What I do not understand is, what closing the stopper channel does to the anonymous goroutine that might still be running I think, when the stopper channel is closed, the below goroutine might still be running.
go func() {
result <- work(stopper)
}()
(Please correct me if I'm wrong here) I think after close(stopper)
, this goroutine will call takesTwentyMillis
(=work function) with stopper channel as its parameter. And the function will proceed and sleep for 20 milliseconds and return nil to pass to result channel. And the main() ends here, right?
I do not see what is the point of closing the stopper channel here. The takesTwentyMillis
function does not seem to use the channel within the function body anyway :(.
// in deadline_test.go within TestDeadline()
done := make(chan struct{})
err := dl.Run(func(stopper <-chan struct{}) error {
<-stopper
close(done)
return nil
})
if err != ErrTimedOut {
t.Error(err)
}
<-done
This is the part I do not understand completely. I think when dl.Run
is run, stopper channel is initialized. But because there is no value in the stopper channel, the function call will be blocked at <-stopper
...but because I do not understand this code, I do not see why this code exists in the first place (i.e. what this code is trying to test, and how it is executed, etc).
So I understand that when Run
function in the 2nd question triggers the stopper channel to close, the worker function gets the signal. And the worker closes the done channel and returns nil.
I used delve(=go debugger) to see this, and the gdb takes me to the goroutine in deadline.go
after the line return nil
.
err := dl.Run(func(stopper <-chan struct{}) error {
<-stopper
close(done)
--> return nil
})
After typing n for stepping over to the next line, delve takes me here
go func() {
--> result <- work(stopper)
}()
And the process kind of finishes here because when I type n again the command line prompts PASS and process exits. Why does the process finishes here? The work(stopper)
seems to return nil
, which should then be passed to result channel right? But this line does not seem to execute for some reason.

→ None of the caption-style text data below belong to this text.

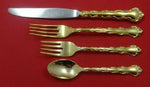 Tara Vermeil By Reed and Barton Sterling Silver Regular Size Place Setting 4pc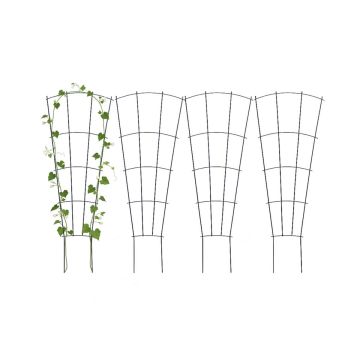 Augalų grotelės Relaxdays, 4 vnt, 82 × 31 cm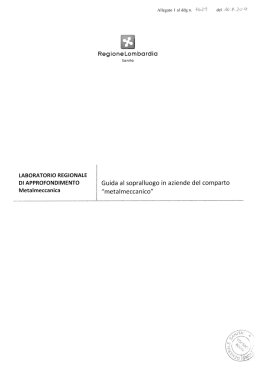 Metal meccanica Guida al sopralluogo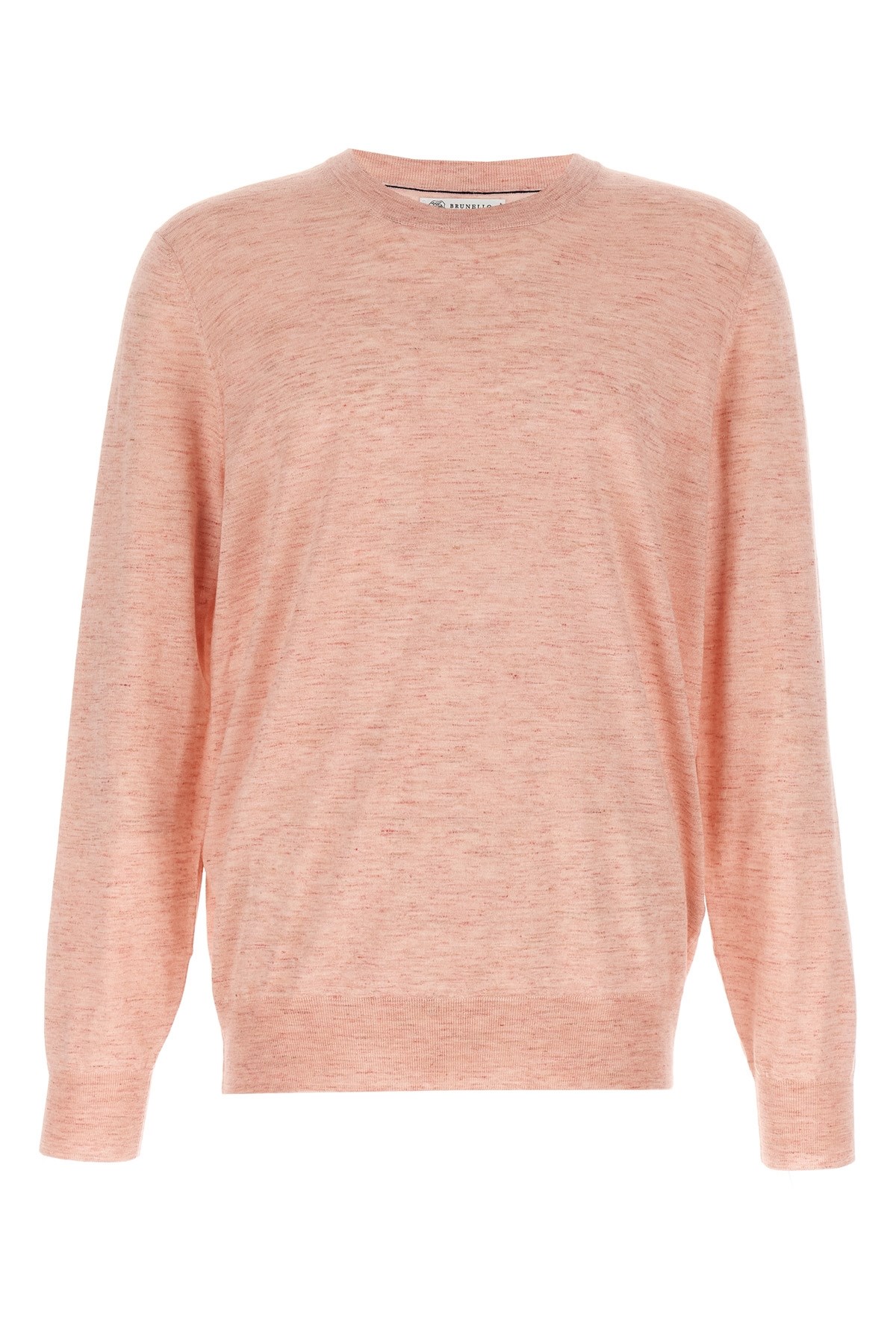 Brunello Cucinelli Melange Effect Sweater Sweaters And Cardigans Pink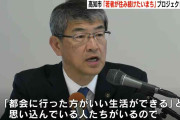 「都会に行った方がいい生活ができると思い込んでいる人たちがいる」推計人口65万人割れに高知市長　「若者が住み続けたいまちづくり」目指す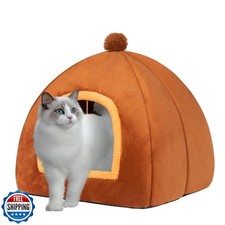 RUONARIER Cat Bed Cave for Indoor Cats,Cat House Tent Bed with Re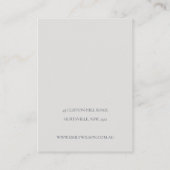 Halloween Pumpkin Spider Web 3, oorscherm Visitekaartje (Achterkant)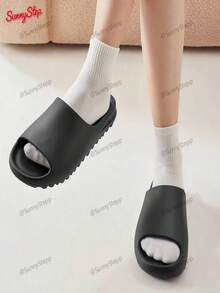 Sandalias Unisex de Verano Diseño Ergonómico Suela Antideslizante Cómodas y Resistentes para Casa Baño Playa Piscina y Uso Casual Diario - Rosa Fucsia - Ver 8
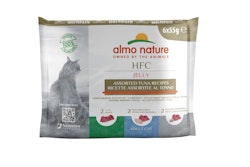 Almo Nature HFC Jelly 3 Sorten mit Thunfisch  6 x 55g Beutel Multipack Katzennassfutter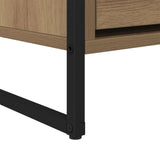 TV Cabinet Artisian Oak 100 x 36 x 49.5 cm Engineered Wood 886563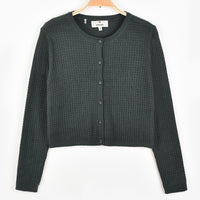 Melange Knit Cardigan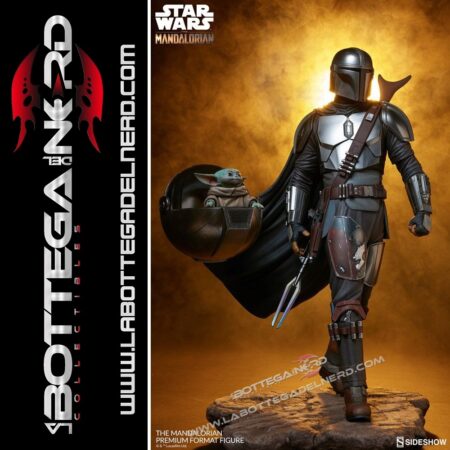 The Mandalorian sideshow statue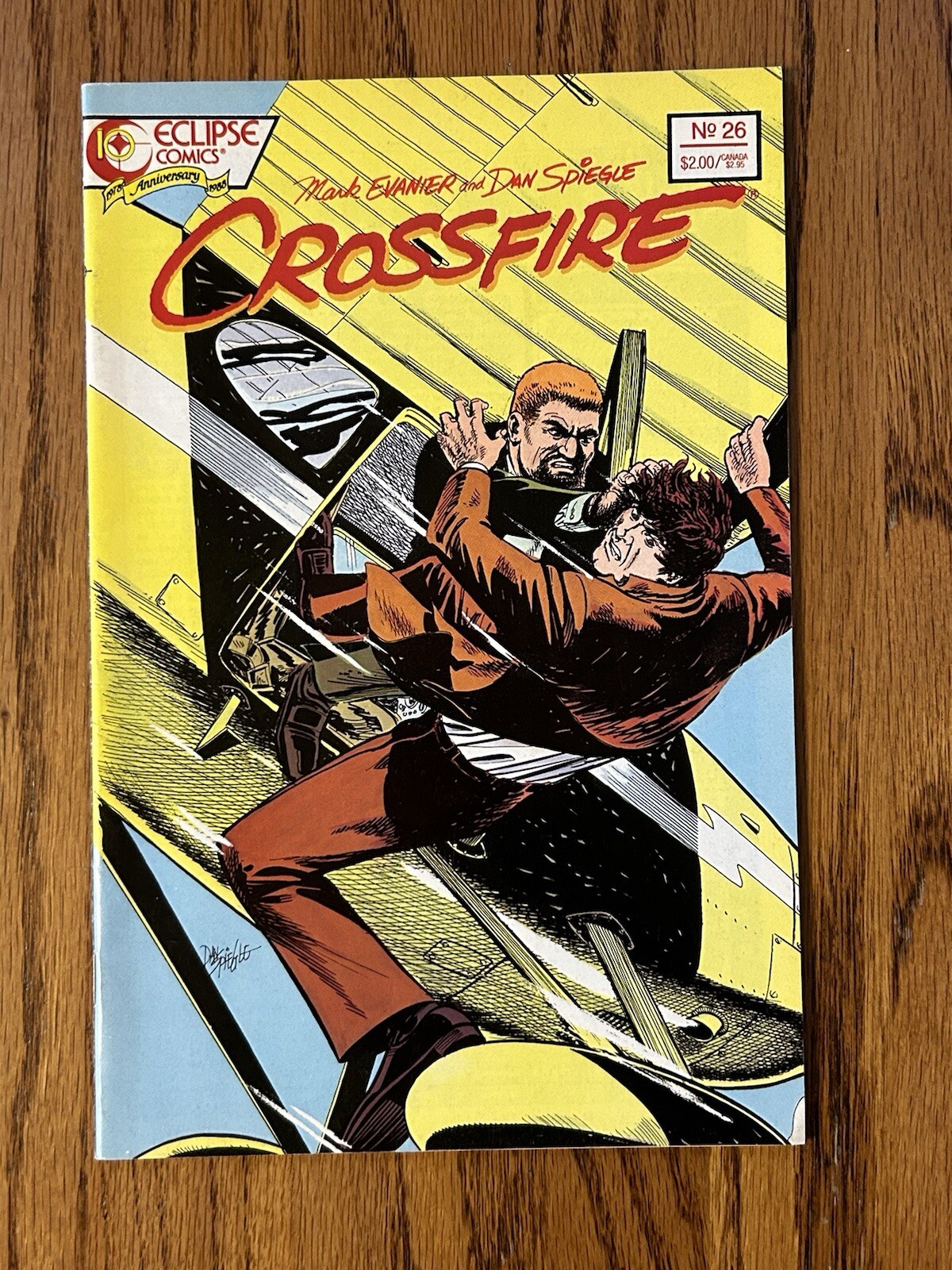 Crossfire #26 1988 Eclipse Comics Crossfire #26 1988 Eclipse Comics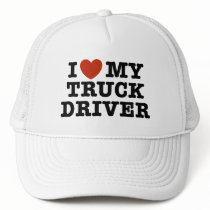 I Love My Truck Driver Mesh Hats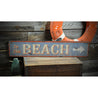 To The Beach Rustic Wood Sign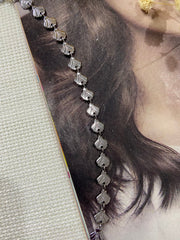 Motifli kolye silver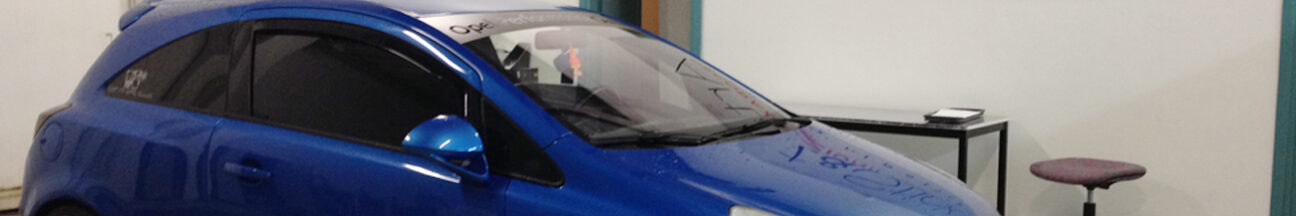 OPEL CORSA OPC - fascia parasole e adesivi vari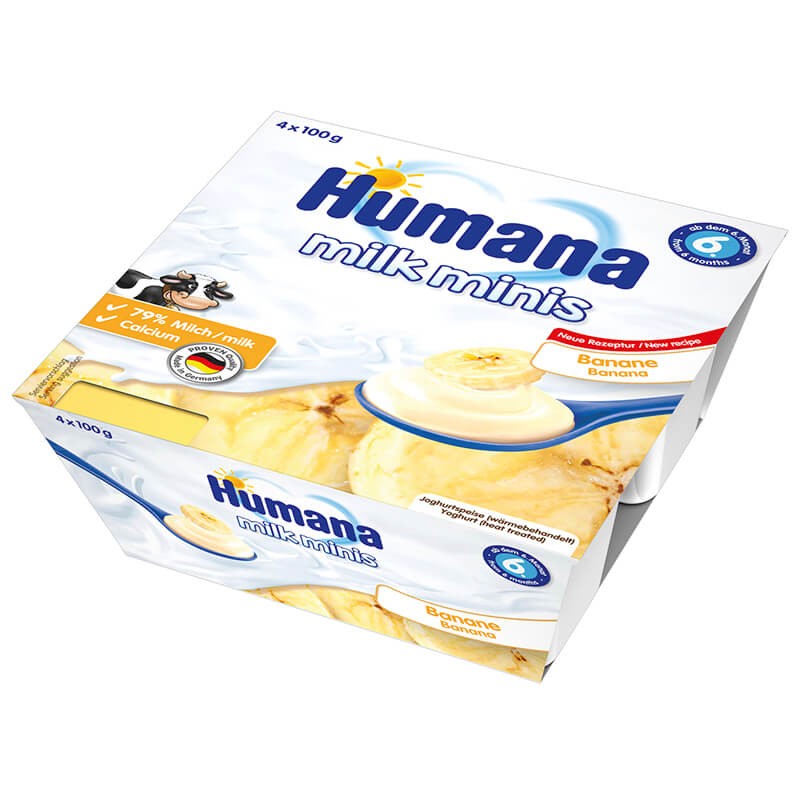 Purees, Pudding «Humana»   4 x 100g, Գերմանիա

I know the main goroutine, which is the Run
function, has already returned ErrTimedOut. So I guess it has something to do with this?
1st question
The use of the stopper
channel is to signal the function e.g. takesTwentyMillis
that it's deadline is reached and the caller no longer cares about its result. Usually this means that the worker function like takesTwentyMillis
should check if the stopper
channel is already closed so that it may cancel it's work. Still, checking for the stopper
channel is the worker function's choice. It may or may not check the channel.
func takesTwentyMillis(stopper <-chan struct{}) error {
for i := 0; i < 20; i++ {
select {
case <-stopper:
// caller doesn't care anymore might as well stop working
return nil
case <-time.After(time.Second): // simulating work
}
}
// work is done
return nil
}
2nd question
This part of Deadline.Run()
will close the stopper channel.
case <-time.After(d.timeout):
close(stopper)
Reading on a closed channel (<-stopper
) will return a zero value for that channel immediately. I think it's just testing for a worker function that ultimately times-out.